I feel like you might be confusing value and valuation. A valuation is what you believe a company would hypothetically sell for.
Selling a non-profit for ... profit... is kind of directly against the whole point of a non-profit.
So I would say thinking of the valuation for a non-profit is weird as hell.
Something like the Salvation Army has value of course. Sure, if you could buy the salvation army, there would be buyers lining up for this well known brand with cash in the bank and lots of donations (or revenue if you want). So technically you could be talking about a 'valuation'. But selling shares of it in the hopes of propping up value and selling it again... like that is just a for profit company.
If you let non-profits do that, that is basically just the end of real non-profits.
OpenAI Foundation, the non-profit. It wasn't sold, isn't being sold, and nobody is trying to sell it. The "valuation" Musk is referring to must be the $$$ value that OpenAI has, that definitely can be sold. When we say something doesn't make sense, because it can't happen, and something real was misidentified, can we come back to the real thing? For everyone's benefit I'll assume Mr Musk was confused.
No need to play the "if you could buy" game with the Salvation Army, let's use the Girl Scouts.
The non-profit, Girl Scouts of the USA, their mission is NOT to grow a cookie production empire.
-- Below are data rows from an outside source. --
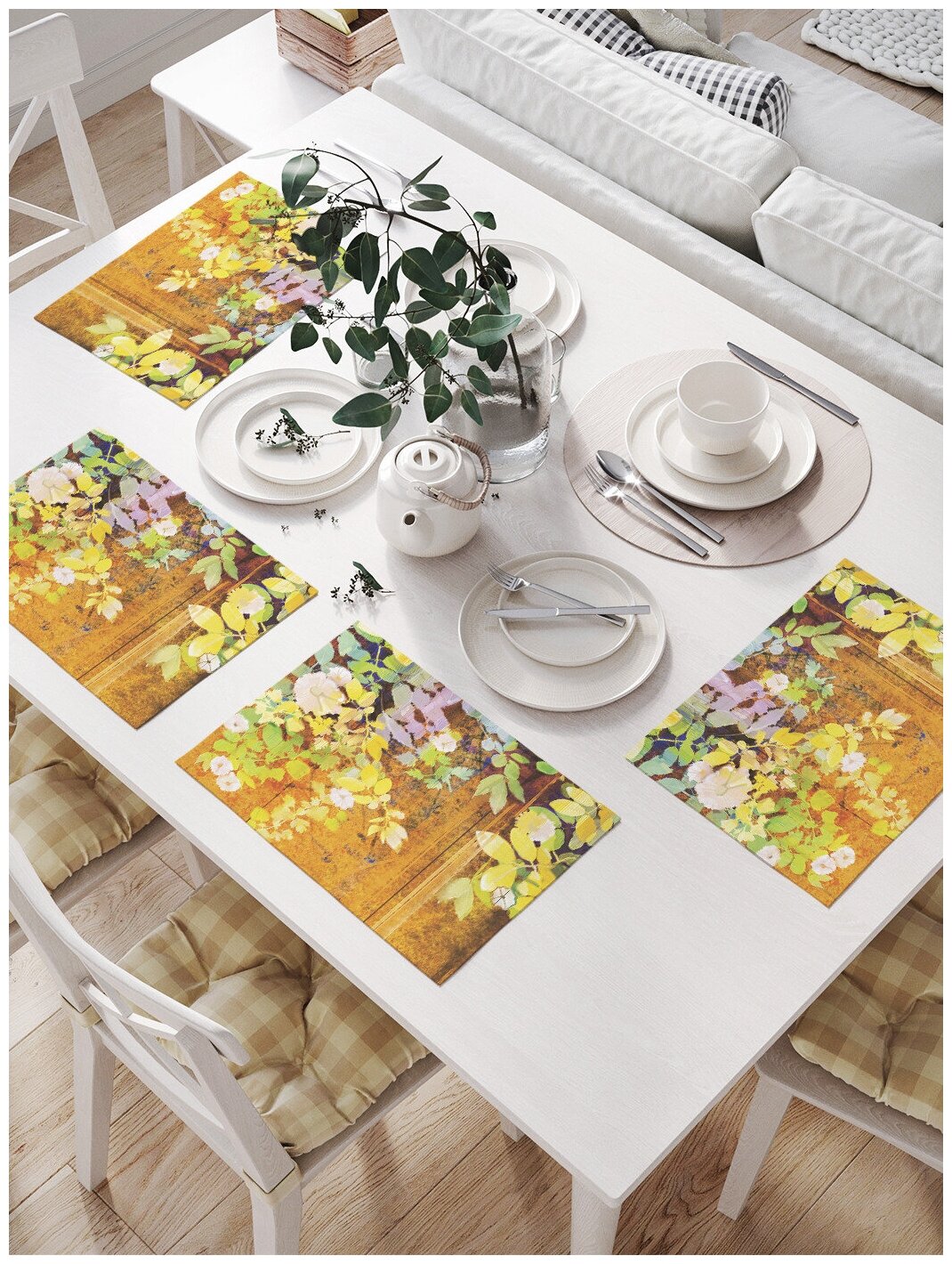 Комплект салфеток JoyArty "Висячие цветы" для сервировки стола (32х46 см, 4 шт.)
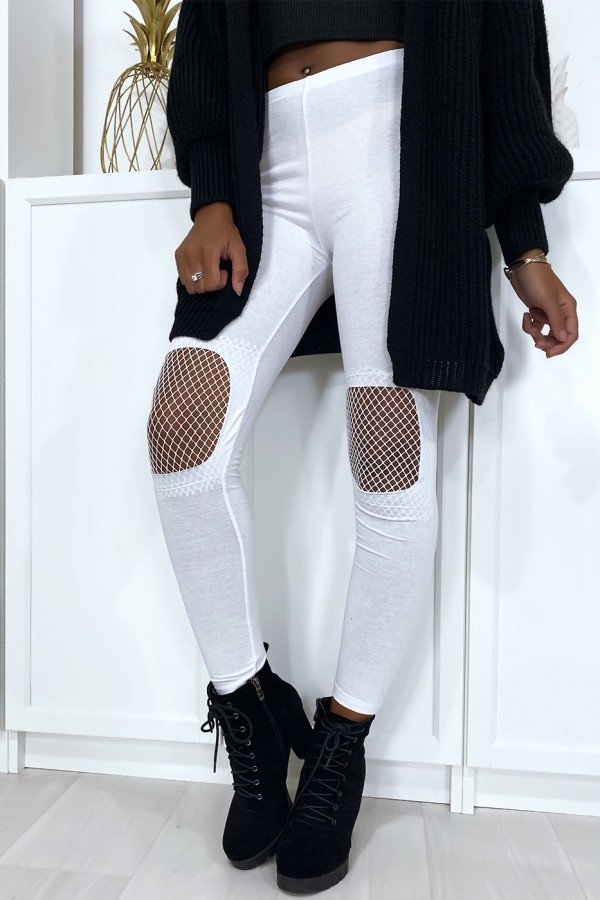 Legging blanc avec résille aux genoux - 2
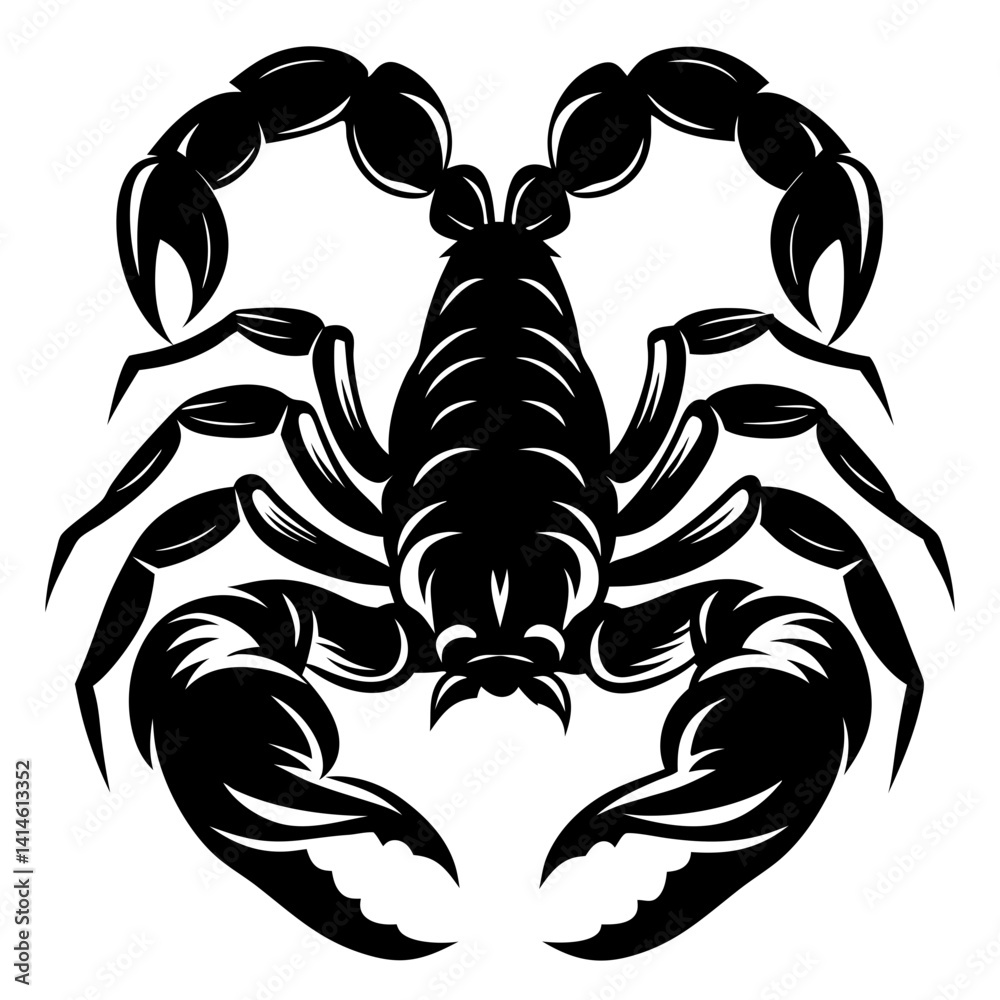 Bold graphic of a scorpion with large pincers in black and white Bold graphic of a scorpion with large pincers in black and white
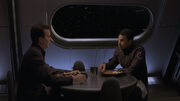 EnterpriseNX crewmen in mess hall, 2151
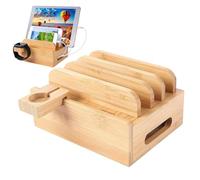 Wood Charging Station - 25 cm Desktop Organizer, Rack Multi-Device Stand, Elegant Wood Design | Nightstand Station for Cell Phone Watch Laptop Tablet Home Office Desk Accessory Power Dock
Its Girl Scouts Cookie Program is a business.
The Girl Scouts cookie business can be valued like any other business.
If you can sell a cookie, you can sell a cookie business.
And none of this is weird.
Please don't take this as criticism for how the Girl Scouts operates, but retaining the cookie program inside the non-profit is not actually the mission. If teaching entrepreneurialism to young people is part of the non-profit mission, they theoretically hold bake sales. The cookie business could at any point be sold or licensed, free to maximize its profits or whatever objective Girl Scouts USA or its new owners have, and its sale or licensing agreement would fund Girl Scouts USA's actual mission. There's nothing weird in any of that, or the Salvation Army licensing its brand to a for-profit company that sells camo shorts, hypothetically. There are a lot of good and honorable reasons to do these things, I'm not saying they should.
If a complaint is that a donation to Girl Scouts USA didn't go to expanding their cookie product lines, THAT is weird. That is what I see here with OpenAI. Someone that avoids talking about the non-profit's actual mission, because that's inconvenient to their argument, and sour they weren't part of the business potential that was spun off. Their mission is to develop AGI that benefits all of humanity. You can call that entire concept BS if you want, it is totally irrelevant because what the mission is NOT is to sell as many codex subscriptions as possible. How can anyone see what's happening as anything other than if can't have it nobody can?